There are different types of smoking. If you are using a small smoker, which many do here, then you want to either keep your smoke thin and blue (closed), or either white and movin (open). Either way you are altamatly going to be the judge of your finished product. If you like the way your food tastes, well then thats all that matters.


----------



## nickelmore

I'd like to see a pict of your setup,  and how you made your smokeguns.  


The one I made produces alot of smoke, seems to tast good,  never have had a problem of creosote build up on the meat.   But it is a challange in the pipes.

Home made smoke guns.....


----------



## Bearcarver

Thanks Hounds51, So if I'm getting a lot of heavy white smoke in my garbage can cold smoker, with my "Big Kahuna", I'll just crack the lid open enough to get it flowing more than normal. 
Unless anyone disagrees, that will be my plan on how to deal with it.

Thanks all,
Bearcarver


----------



## ol' smokey

My answer to your smoke question. 



Been using the large one for a couple of years now. What I've found to work for me is to have plenty of air flow. I keep the exhaust dampner wide open and adjust the intake dampner to control the smoke. I run the smoke generator with the air pump that was supplied. Also, because of moisture I only fill the unit about half full. This gives me enough smoke for around three hours. Keep trying until you have a handle on it.


----------



## fiddler252

Hi Group
This is Dennis AKA Porky Pa. I’m the guy that makes the Smoke Daddy. I’m happy to see that it is getting  good reviews. It is true that when it is first started it will smoke heavily but after 10-15 min it will settle down. The thing that is nice about it is you can experiment with different combinations of wood chips, pellets, chunks or twigs to get the color and amount of smoke you prefer for your size of smoker. 
Thanks Dennis


----------



## Bearcarver

Dennis,

Thank You for your comment. I would have rather heard you say the amount of smoke from the Big Kahuna doesn't matter. I already used it for salmon, and as long as I kept pushing the chips & pellets down with a screwdriver, the smoke was very thick. I figured if I didn't push the chips down, it would go out. If the guys who said I should not worry about the heavy smoke as long as I keep it moving are right, I'll just slide my "trash can lid open a little more, and keep on smoking. I'm starting 11 pounds of pork belly today, so we will see. I'm hoping they are right, because I doubt I'll hear from you before that.

Thanks,
Bearcarver


----------



## nickelmore

I think you will be fine,  play with air adjustment.  As a newbie, I was a little concerned with the amount of smoke as well, but my taste testers all seemed to be in agreement that it was good.

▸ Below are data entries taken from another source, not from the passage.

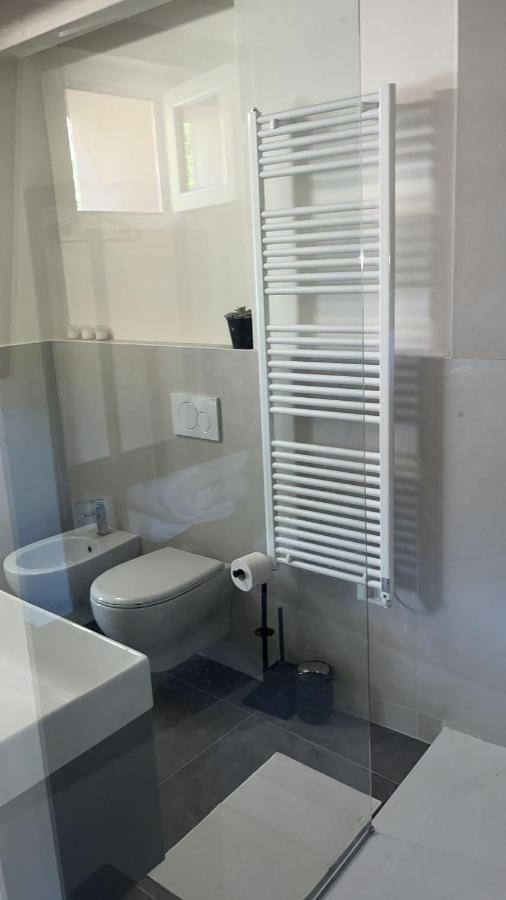 La Casa Incartata Lägenhet Toscolano Maderno Exteriör bild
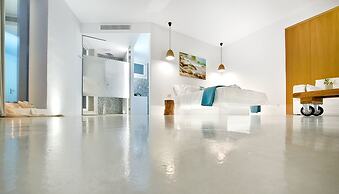 Mykonos Pantheon
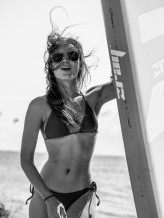 Majk_Shots Surf Girl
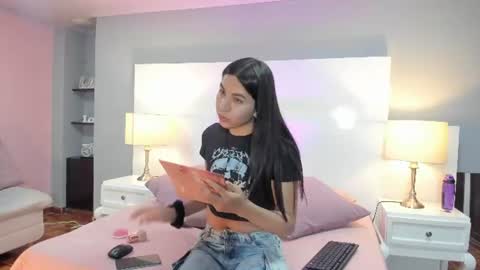 Snapshot of lyaa_sweet1 chatting on 06.22.26 Lyaa Sweet online show from 06.22.26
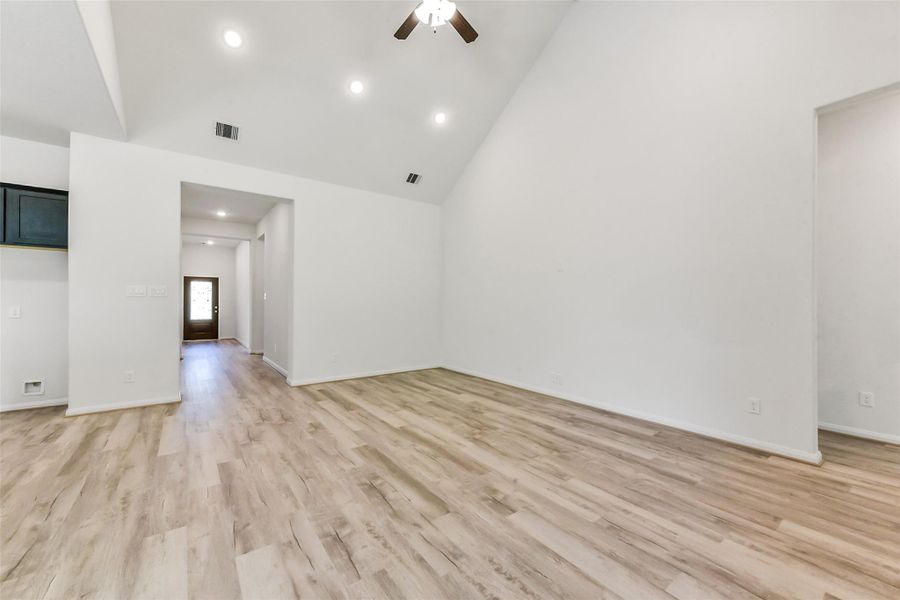 Spacious, unfurnished interior of a new home in Encino Estates, Dayton (Image 17). Spacious, unfurnished interior of a new home in Encino Estates, Dayton (Image 17).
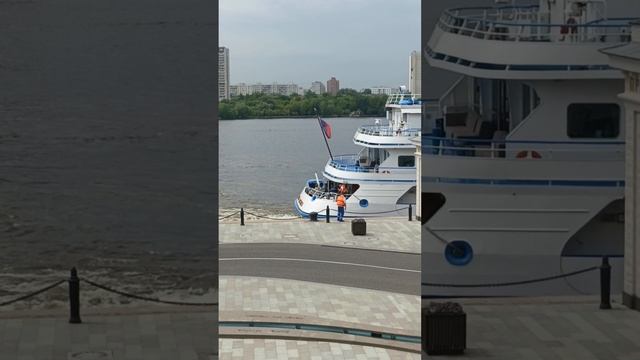 прогулка на речном вокзале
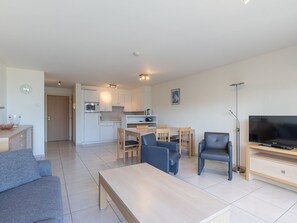 Apartment | Private kitchen | Electric kettle - Bright Apartment With Stunning sea View (Middelkerke)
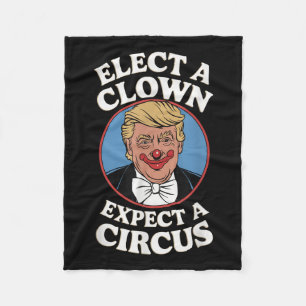 Einen Clown wählen, von dem erwartet wird, dass ei Fleecedecke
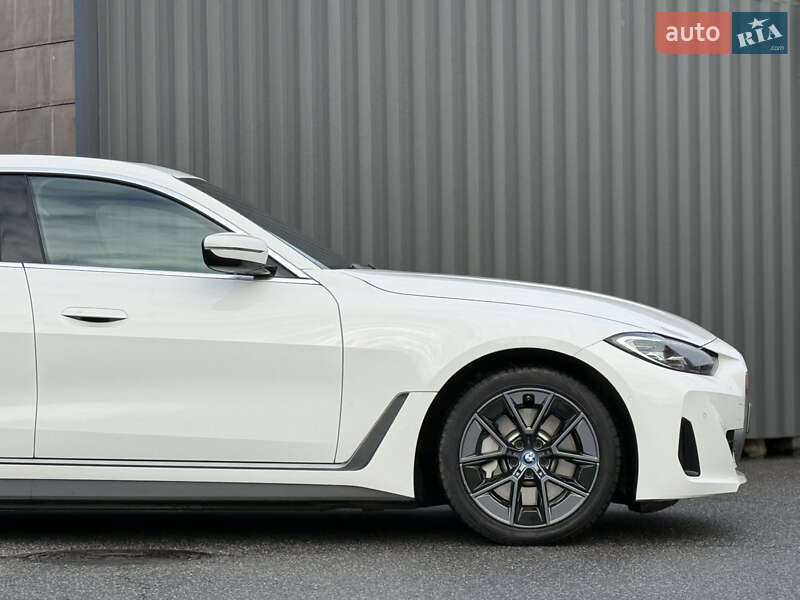 Купе BMW i4 2022 в Киеве фото 15 Купе BMW i4 2022 в Киеве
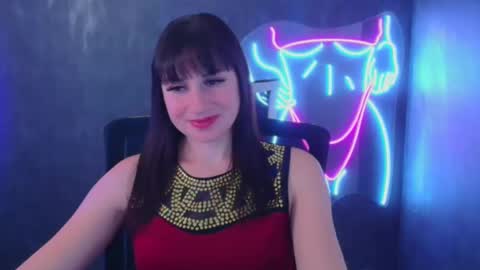 Snapshot of karolina_mia chatting on December 2, 9:56 am Caroline online show from December 2, 9:56 am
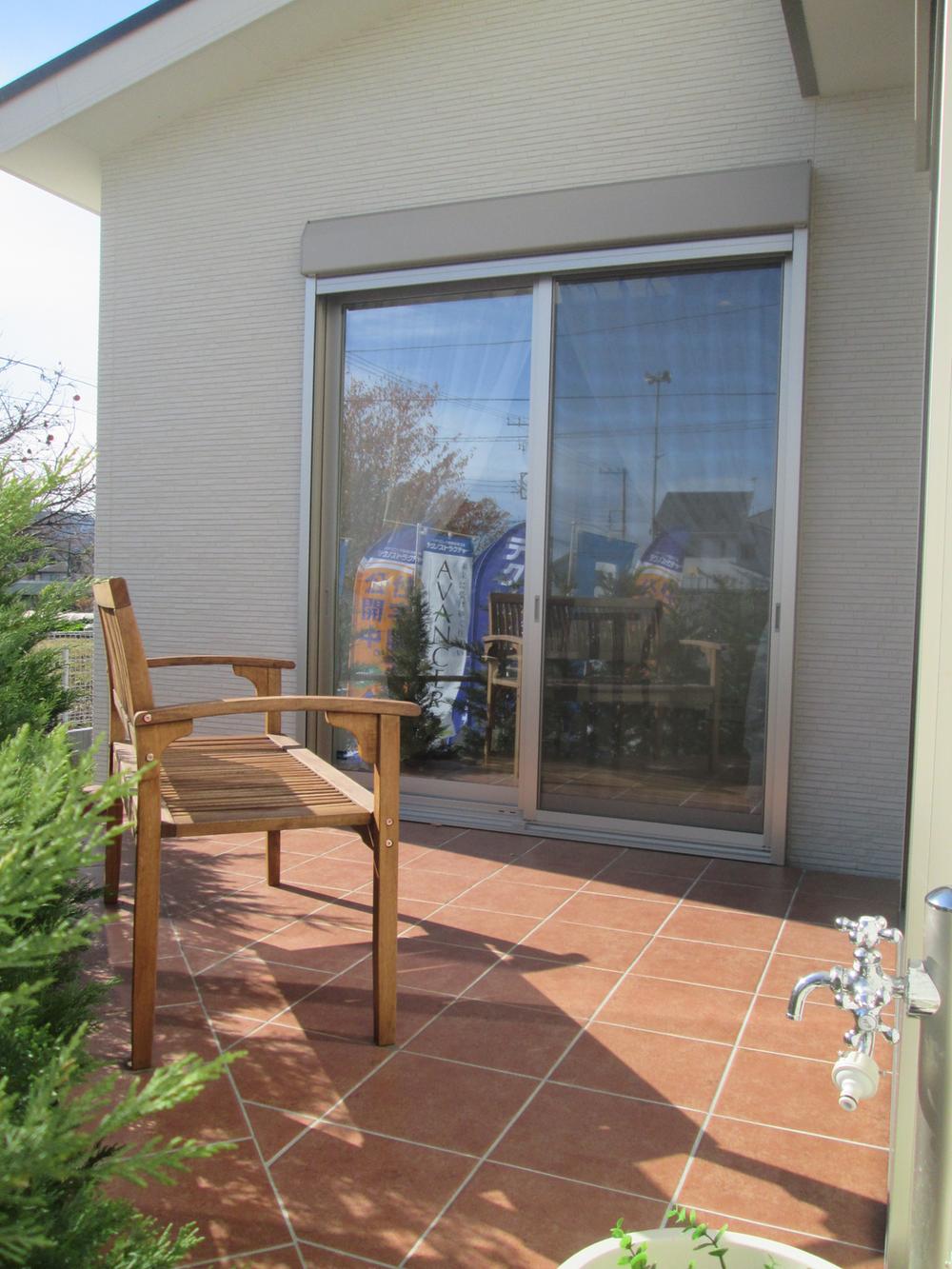 Garden. Local (12 May 2013) We prepared an open terrace that is out of the shooting living and dining of the sweep-out window. Please spend a leisurely tea time on holiday.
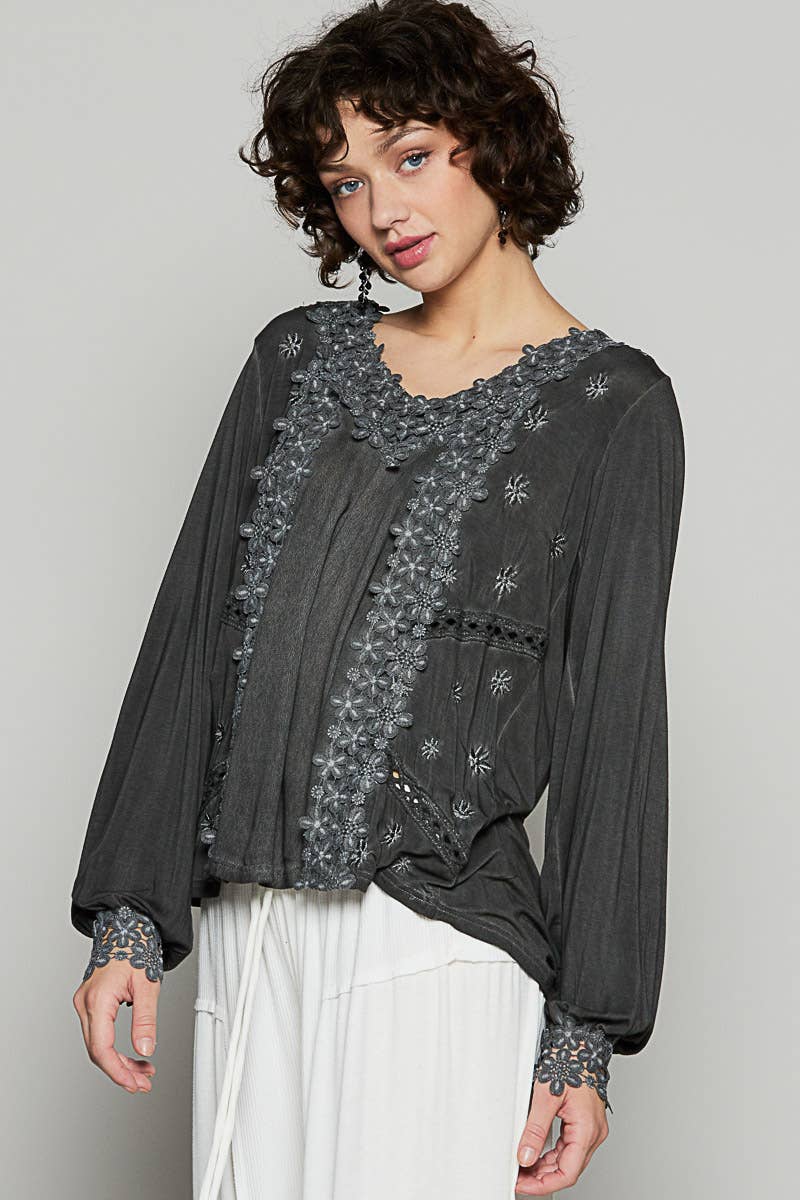 Pol Clothing - Wholesale Blouse - Women's - Long Sleeve Contrast Floral Lace Crochet V-Neck Top3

I had more consistant smoke if I layered the chips and pellets vs. mixing them together.

Good luck take some pictures!


----------



## mballi3011

I'm not a great user of the cold smoke unit but I see there quite a few of that could help you out.


----------



## gnubee

I have found that if you mix the pellets about 1/2 and 1/2 with larger wood chips you get a thinner bluer smoke. I also bleed off some of the extra smoke with a T fitting and a ball valve. I have the medium size and it puts out a lot of smoke, not as much as the kahuna but still a lot of smoke.


----------



## kingudaroad

I was also going to add that the size of the smoking fuel used makes a big difference. Wood chunks will be nice and thin and blue where as sawdust will be more billowy and white.


----------



## got14u

what I have done and I don't thin k it has been said yet is to use some lump coal in it as well as wood...I have used my big kahuana man y times and before i did this it billowed out white smoke also. now I crush up some royal oak and mix it with wood chips and it is perfect, I think about 1/4 of lump works good maybe just a tad more. give it a shot.


----------



## thadius65

One design flaw (at least with my Kahuna) is that after the first or second use, the air adjustment is non-functional.  It pretty much seizes up due to heat at the bottom and/or creasote finding its way to the valve, or ??  Mine is all the way open all the time.  i think moving that elsewhere in the air supply would be best.

Dennis?

Thanks,

Ted


----------



## hounds51

Think of these smoke guns as the old air tight wood burning stoves! Then design and build it. If you check some of my previous postings you will see mine. There really aint no mystery to them, just some common sense.


----------



## gnubee

I replaced the plastic valve that it came with. I got a brass one from an aquarium supply store $3.50. I also put it about 8 inches away from the smoke daddy. It now runs cool and has adjustment. I run it mostly wide open anyway but its nice to have the option. 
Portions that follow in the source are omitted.